A non-specialist like me isn't in a position to adjudicate this dispute, but my impression is that the criticisms made under this heading don't fundamentally affect the validity of TSL's thesis.  The natural suspicion is that both sides of the debate are, to whatever degree, trying to cherry-pick the evidence and shift the goalposts in their preferred direction.  However, the evidence cited by Wilkinson and Pickett, taken as a whole, is so substantial and varied that the technical criticisms made under this heading don't seem sufficient to refute it.

A more substantial criticism is that TSL mostly ignores the history and culture of different societies.  It has been argued that incidences of the social problems identified by Wilkinson and Pickett correlate not (only) with economic inequality but with international cultural groupings: the Scandinavian countries often appear at one end of the graphs in TSL and the English-speaking countries at the other.  It has similarly been argued that the divergences between different US states are explicable in terms of differences between Northern and Southern culture and the culture of caucasians and African Americans.  It has also been argued that east Asian countries tend to cluster together despite having differing levels of inequality.

Part of the issue here is whether high levels of social cohesion are the result of economic equality or a cause of it.  Peter Saunders writes:
Sweden and Japan... have the income distributions they have because of the kinds of societies they are. They are not cohesive societies because their incomes are equally distributed; their incomes are equally distributed because they evolved as remarkably cohesive societies.
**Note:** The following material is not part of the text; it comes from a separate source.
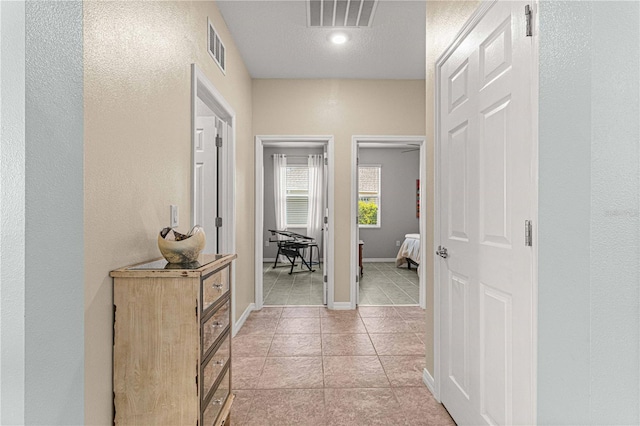 hall featuring light tile patterned floors, baseboards, and visible vents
To explain why, we have to look to their histories and at factors like social homogeneity and closure, but The Spirit Level resists any such analysis.
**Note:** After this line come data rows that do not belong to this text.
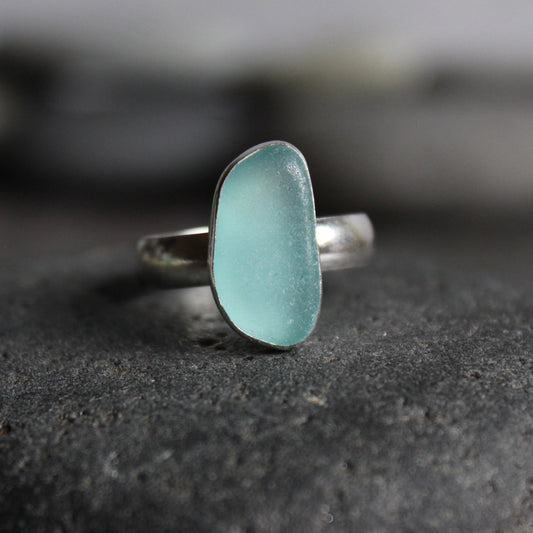 This is an aqua blue piece of sea glass in a fine and sterling silver bezel setting with a sturdy silver band.  Size 8 1/2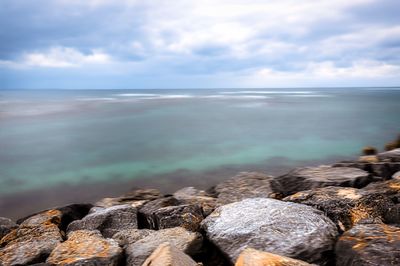 Rocks by sea against sky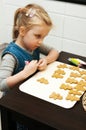 Girl making gingerbread cookies for Christmas Royalty Free Stock Photo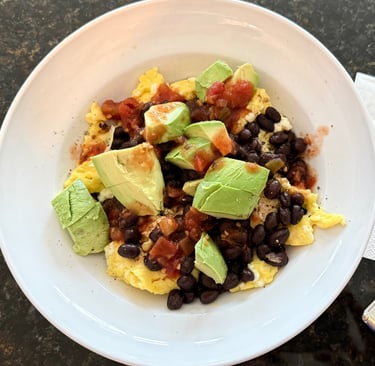 Scrambled eggs with black beans, avocado, and salsa in a white bowl.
Saunders has a partisan political agenda of his own, but these are reasonable criticisms.  A simple causal model which singles out economic inequality as the cause of multifarious social problems is less attractive than a web of causation which posits different factors, including cultural ones, that influence and interact with each other.  Wilkinson and Pickett succeed in establishing the basic point that economic inequality is associated with undesirable things happening in society - that much is difficult to deny in the light of the evidence - but inequality should not be used as a simple monocausal explanatory key for complex social problems, any more than simplistic ideas about sex differences should be used to promote a Mars-and-Venus model of human gender.  To be fair, Wilkinson and Pickett insist that TSL isn't supposed to be a "theory of everything".  But they do focus sharply on inequality without contextualising it, and they are much too quick to downplay the importance of historical and cultural factors.  This approach is perhaps a reflection of their backgrounds, which are in "hard" science (epidemiology) rather than anthropology or the humanities.
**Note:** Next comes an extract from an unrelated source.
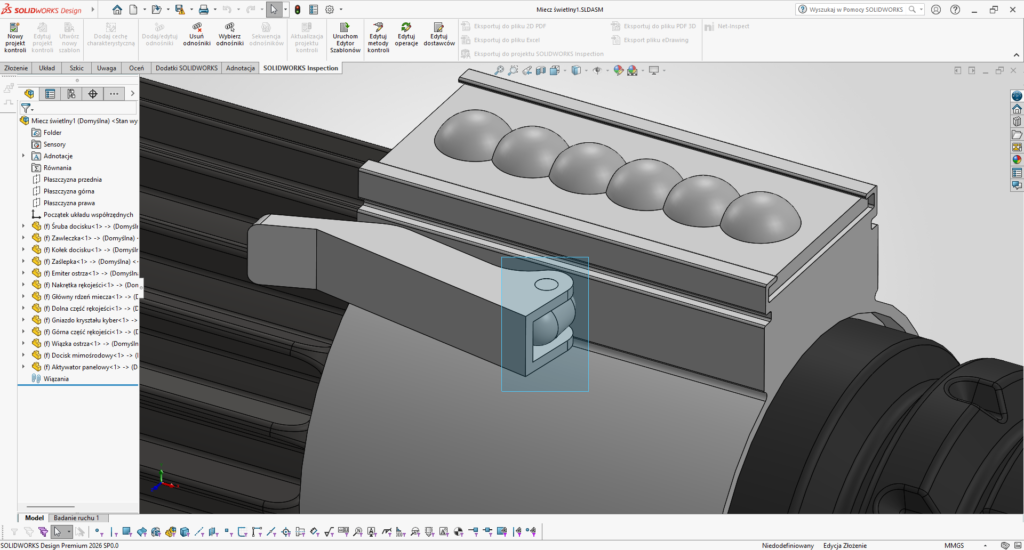 Złożenie w SOLIDWORKS z prostokątem zaznaczania rozpiętym nad komponentem rękojeści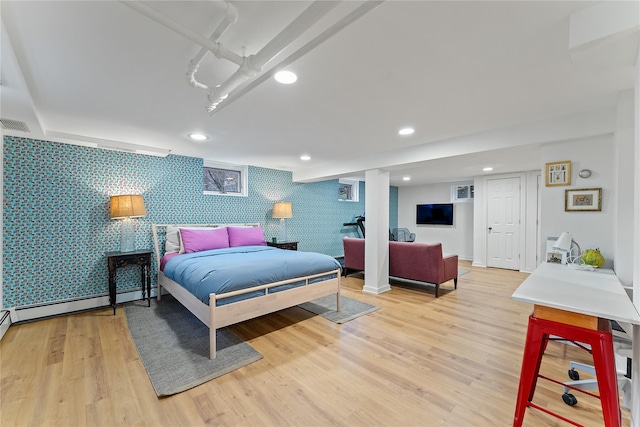 bedroom with an accent wall, a baseboard heating unit, wallpapered walls, and light wood-style flooring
So TSL ultimately succeeds in establishing its central thesis, that there is a relationship between inequality and social dysfunction, albeit we are entitled to question whether this relationship is always strong or straightforward.  It is worth reiterating that this does not close the debate between left and right on economic policy, or indeed anything else.  The data presented by Wilkinson and Pickett, however, deserves to shape political thinking on a range of key contemporary issues.  It cannot be ignored.